Benzene is electron-rich and aromatic; electrophilic substitution preserves aromaticity, while nucleophilic substitution is difficult.
(i) 3HC≡CH → C6H6 on passing ethyne through a red-hot iron tube. (ii) CH2=CH2 + Br2 → BrCH2CH2Br; on treatment with alcoholic KOH, the vicinal dibromide gives ethyne, which trimerises to benzene. (iii) n-Hexane undergoes dehydrocyclisation/aromatisation over catalysts such as Cr2O3/V2O5/Mo2O3 at high temperature to give benzene.
(i) Trimerise ethyne. (ii) Convert ethene to ethyne, then trimerise. (iii) Aromatise hexane.
Hydrogenation keeps the carbon skeleton unchanged and converts C=C to C-C. For the 2-methylbutane skeleton, placing one double bond at non-equivalent adjacent carbon positions gives CH2=C(CH3)CH2CH3, CH2=CHCH(CH3)CH3 and (CH3)2C=CHCH3.
2-methylbut-1-ene, 3-methylbut-1-ene and 2-methylbut-2-ene.
Electron-withdrawing nitro groups deactivate the ring toward electrophilic substitution; more nitro groups mean lower reactivity. Alkyl groups activate the ring, so toluene is most reactive in (b). A nitro group reduces reactivity, and two nitro groups reduce it still further.
(a) Chlorobenzene > p-nitrochlorobenzene > 2,4-dinitrochlorobenzene. (b) Toluene > p-nitrotoluene > p-dinitrobenzene.
The methyl group in toluene activates the benzene ring through +I effect and hyperconjugation, increasing electron density and making electrophilic attack easier. Benzene is less reactive than toluene. Nitro groups are strongly deactivating, so m-dinitrobenzene is least reactive.

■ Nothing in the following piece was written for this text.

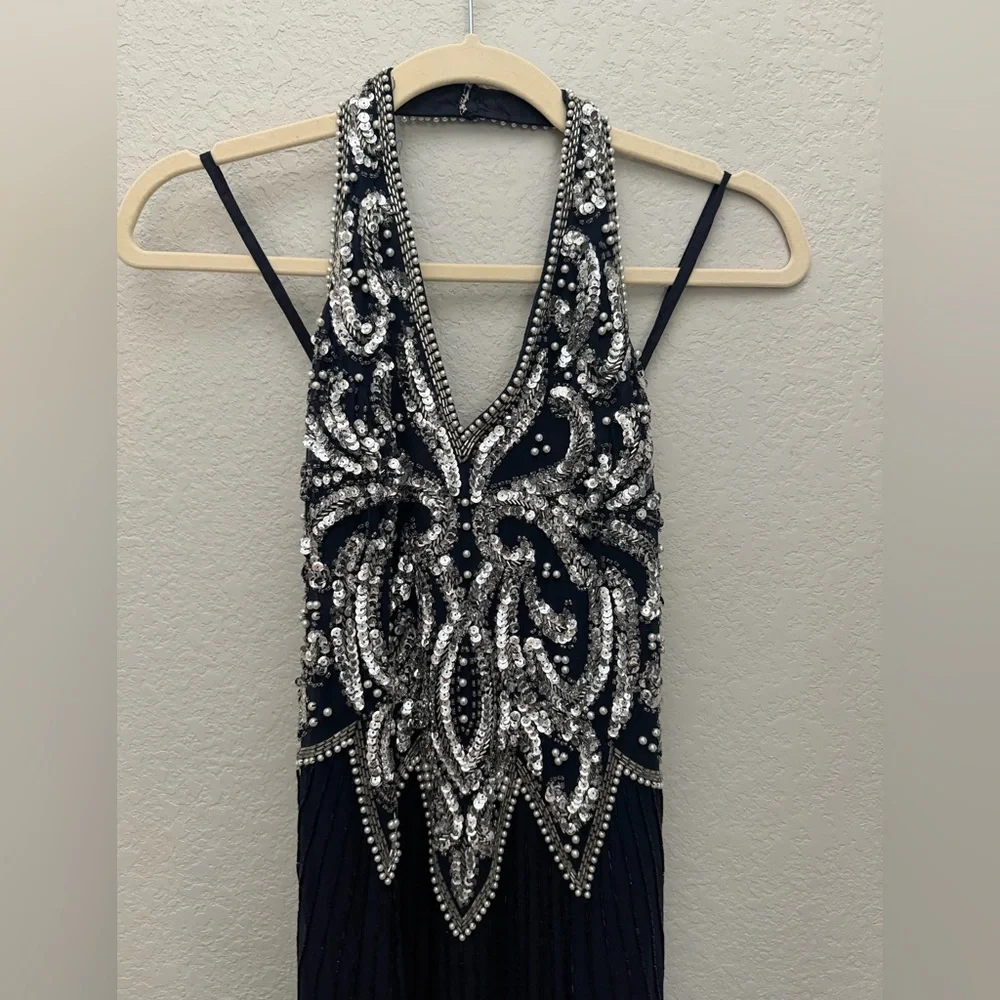 Niteline Della Roufogali Vintage 1980's Sapphire Blue Beaded Silk Evening Gown 6 - Picture 4 of 9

Toluene undergoes nitration most easily.
Friedel-Crafts alkylation needs a Lewis acid to generate the electrophile from an alkyl halide. Besides anhydrous AlCl3, Lewis acids such as FeCl3, BF3 or SnCl4 can be used; FeCl3 is one suitable example.
Anhydrous ferric chloride, FeCl3, can be used.
Wurtz reaction couples alkyl halides with sodium. A single alkyl halide gives an even-carbon symmetrical alkane. To prepare an odd-carbon alkane such as propane, one would use CH3Br and C2H5Br, but coupling gives ethane (CH3-CH3), propane (CH3-CH2CH3) and butane (C2H5-C2H5). Because the desired product is mixed with other alkanes, Wurtz reaction is not preferred for odd-carbon alkanes.
Because preparing an odd-carbon alkane requires two different alkyl halides, which gives a mixture of products.